» **What needs to be done**
Everything from the first line of the material below through the line containing "Аккумуляторная газонокосилка для" must be retyped exactly, and nothing past it.

————

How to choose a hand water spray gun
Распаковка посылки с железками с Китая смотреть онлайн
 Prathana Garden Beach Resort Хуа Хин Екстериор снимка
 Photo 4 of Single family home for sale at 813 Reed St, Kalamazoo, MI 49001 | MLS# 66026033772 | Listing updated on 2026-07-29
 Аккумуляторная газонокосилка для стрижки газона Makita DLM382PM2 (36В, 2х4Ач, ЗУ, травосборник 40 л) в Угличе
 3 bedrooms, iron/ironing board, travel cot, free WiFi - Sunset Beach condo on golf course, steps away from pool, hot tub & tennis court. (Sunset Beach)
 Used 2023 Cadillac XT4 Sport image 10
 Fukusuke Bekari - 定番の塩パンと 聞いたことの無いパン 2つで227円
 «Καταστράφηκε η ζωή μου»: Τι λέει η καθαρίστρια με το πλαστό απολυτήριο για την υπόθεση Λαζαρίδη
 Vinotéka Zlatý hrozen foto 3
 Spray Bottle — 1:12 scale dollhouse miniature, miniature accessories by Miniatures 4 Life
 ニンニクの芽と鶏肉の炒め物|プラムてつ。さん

————

» **Response to the exercise**
How to choose a hand water spray gun
Распаковка посылки с железками с Китая смотреть онлайн
 Prathana Garden Beach Resort Хуа Хин Екстериор снимка
 Photo 4 of Single family home for sale at 813 Reed St, Kalamazoo, MI 49001 | MLS# 66026033772 | Listing updated on 2026-07-29
 Аккумуляторная газонокосилка для стрижки газона Makita DLM382PM2 (36В, 2х4Ач, ЗУ, травосборник 40 л) в Угличе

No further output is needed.